Iris Murdoch’s Practical Mysticism
Iris Murdoch was one of the most celebrated novelists and philosophers of the 20th century whose writing is marked by a grim assessment of the “conceptual impoverishment of modern ethical thought. As Murdoch saw it, humans had gradually lost the ability to grasp the transcendent values that are the source of all meaning: true love, evil, grace and perfection. One solution lay in art, which Murcdoch saw as a kind of “practical mysticism”: art that helps us grasp perfection, but in a way that acknowledges how far we have fallen away from it. This series will be led by Matthew Rose (Barry Center) and Amogha Sahu (Columbia).

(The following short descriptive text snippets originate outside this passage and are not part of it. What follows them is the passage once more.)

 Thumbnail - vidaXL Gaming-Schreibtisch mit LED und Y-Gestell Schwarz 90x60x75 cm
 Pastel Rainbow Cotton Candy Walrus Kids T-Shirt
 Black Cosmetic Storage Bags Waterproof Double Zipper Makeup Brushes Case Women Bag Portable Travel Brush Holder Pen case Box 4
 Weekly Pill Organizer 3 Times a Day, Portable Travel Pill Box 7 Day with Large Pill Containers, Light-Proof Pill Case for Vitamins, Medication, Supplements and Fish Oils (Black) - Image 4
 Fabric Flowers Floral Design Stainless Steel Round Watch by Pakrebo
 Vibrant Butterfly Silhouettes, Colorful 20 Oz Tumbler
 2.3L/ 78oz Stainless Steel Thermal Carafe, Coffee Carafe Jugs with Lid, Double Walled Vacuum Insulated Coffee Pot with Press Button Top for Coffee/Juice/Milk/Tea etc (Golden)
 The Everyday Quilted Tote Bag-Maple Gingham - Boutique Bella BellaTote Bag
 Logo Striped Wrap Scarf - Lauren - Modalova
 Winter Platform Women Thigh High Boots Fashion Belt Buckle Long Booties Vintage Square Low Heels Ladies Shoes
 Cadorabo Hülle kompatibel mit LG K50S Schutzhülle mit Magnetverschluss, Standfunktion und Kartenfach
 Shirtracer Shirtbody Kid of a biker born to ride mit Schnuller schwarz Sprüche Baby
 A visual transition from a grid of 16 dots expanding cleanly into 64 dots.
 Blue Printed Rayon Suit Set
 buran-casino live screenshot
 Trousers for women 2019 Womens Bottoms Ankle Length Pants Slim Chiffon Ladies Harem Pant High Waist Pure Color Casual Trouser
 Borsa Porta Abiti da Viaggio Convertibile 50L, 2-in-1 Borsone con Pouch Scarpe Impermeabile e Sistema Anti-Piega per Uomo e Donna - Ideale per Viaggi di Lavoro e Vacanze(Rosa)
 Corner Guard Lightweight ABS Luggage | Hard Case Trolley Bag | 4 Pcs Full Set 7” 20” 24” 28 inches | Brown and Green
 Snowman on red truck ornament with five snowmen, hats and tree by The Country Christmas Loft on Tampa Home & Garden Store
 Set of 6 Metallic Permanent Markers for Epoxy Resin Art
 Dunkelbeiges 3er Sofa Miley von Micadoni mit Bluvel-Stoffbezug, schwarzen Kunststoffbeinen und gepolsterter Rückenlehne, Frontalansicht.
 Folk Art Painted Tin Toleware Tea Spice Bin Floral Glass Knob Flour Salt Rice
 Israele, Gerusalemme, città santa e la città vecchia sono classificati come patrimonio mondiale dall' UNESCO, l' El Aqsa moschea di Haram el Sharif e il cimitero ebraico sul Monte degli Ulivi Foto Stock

Against Dryness: March 20, 2023 at 1 PM
We will begin by reading her essay in Encounter magazine in 1961, “Against Dryness”: a powerful criticism of the individualistic picture of human beings at the heart of our society and a criticism of the ‘dry’ literature that is ineffective in correcting this picture.
Existentialists and Mystics: March 27, 2023 at 1 PM
This week, we will discuss “Existentialists and Mystics,” which explores how literature works in an age in which moral foundations—a belief in the Soul, in Individuals, Reason, and Character—seem to have disappeared for many people. Murdoch intriguingly ends the essay by endorsing a literature “nourished and supported by thought about politics.”
Salvation by Words: April 3, 2023 at 1 PM
We will read one of Murdoch’s most beautiful pieces, “Salvation by Words,” which offers a spirited defense of art as a continuing source of “plain truth” about human certainties.